Turkish forces set up positions in Idlib, Syria

Rebel forces say Turkey sent a convoy of about 30 military vehicles into rebel-held northwest Syria through the Bab al-Hawa crossing in Idlib

A picture taken on October 11, 2017, from the Syrian village of Atme in the northwestern province of Idlib shows Turkish military vehicles driving around a military base on the Turkish side of the border with Syria.
Turkey-backed Syrian rebels are preparing for an operation to oust jihadists from the northwestern province of Idlib. Early this week, Turkey's army said it had launched a reconnaissance mission in Idlib days after President Recep Tayyip Erdogan announced an incursion to oust Al-Qaeda's former Syrian affiliate from the area.
 / AFP PHOTO / Omar haj kadour

Turkish forces that entered Syria's Idlib province late on Thursday have started setting up observation positions that appear aimed at containing a Kurdish militia.

"The allied Turkish armed forces have entered Syrian territory and begun setting up observation posts," said Mustafa Sejari, an official in a Free Syrian Army (FSA) rebel group, on Friday.

Turkey sent a convoy of about 30 military vehicles into rebel-held northwest Syria through the Bab al-Hawa crossing in Idlib, according to rebel forces.

President Tayyep Erdogan announced the deployment last Saturday, saying Turkey was conducting a "serious operation" with rebel groups it supports, as part of a "de-escalation" deal it agreed last month with Iran and Russia in Kazakhstan.

Turkey has been a big supporter of rebels fighting Syrian president Bashar al-Assad throughout the war.
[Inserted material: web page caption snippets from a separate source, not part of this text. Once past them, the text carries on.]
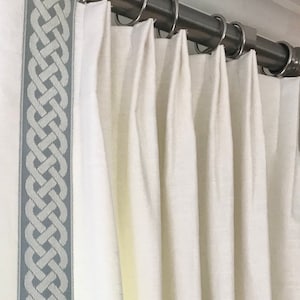 Linen Drapes with Braided Accent Trim in &quot;Braided Lattice&quot; - 2.5 Inch Drapery Tape - Custom drapery White Linen Drapes with Trim - Trim/Tape
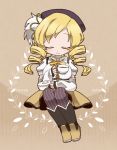  bebe_0620 beret blonde_hair boots breasts closed_eyes corset cup drill_hair eyes_closed fingerless_gloves gloves hair_ornament hat magical_girl mahou_shoujo_madoka_magica pleated_skirt skirt smile solo striped striped_legwear teacup thighhighs tomoe_mami 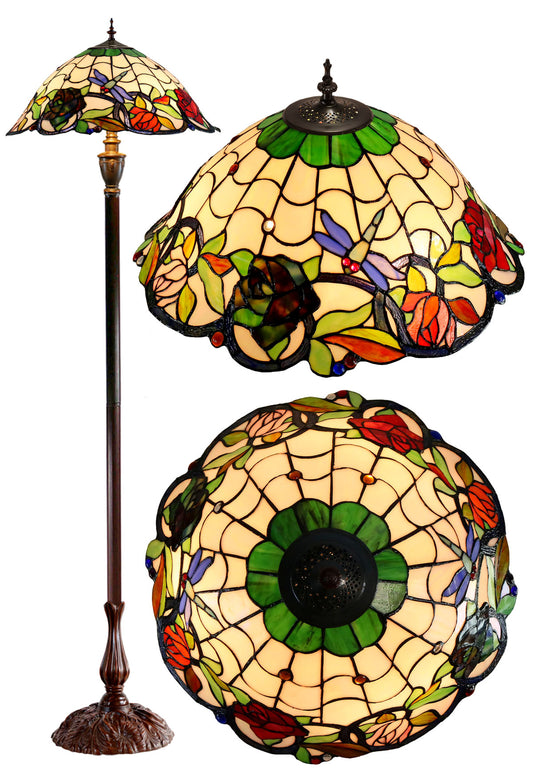 Huge 20" Dragonfly Garden Flower Tiffany Floor Lamp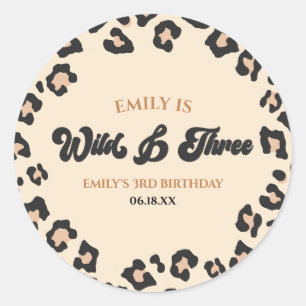 Leopard Cheetah Wild & Three 3rd Birthday Party Classic Round Sticker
But since last year Ankara has focused on securing its border against both extremists and from Kurdish forces that control much of the frontier area inside Syria.

The Astana agreement with Mr Assad's foreign allies Russia and Iran involves reducing warfare in several regions of Syria, including Idlib and adjacent swathes of the northwest, the most populous rebel-held area.

Tahrir al-Sham, a powerful jihadist alliance that controls much of that territory, is not party to the de-escalation deal, and is at odds with some of the rebel groups that Turkey supports.

However, its forces gave an escort to the Turkish convoy late on Thursday, indicating that there might not be any fighting between them.

Residents of northwest Syria and the war monitoring service, the Syrian Observatory for Human Rights, have reported intense air raids on Idlib and nearby areas for months.

Witnesses said the convoy was heading towards Sheikh Barakat, a high area overlooking rebel-held territory and the Kurdish YPG-controlled canton of Afrin, the witnesses said.

"(Turkey's deployment is) in line with Astana 6 resolutions to ensure the area is protected from Russian and regime bombing and to foil any attempt by the separatist YPG militias to illegally seize any territory," said Sejari.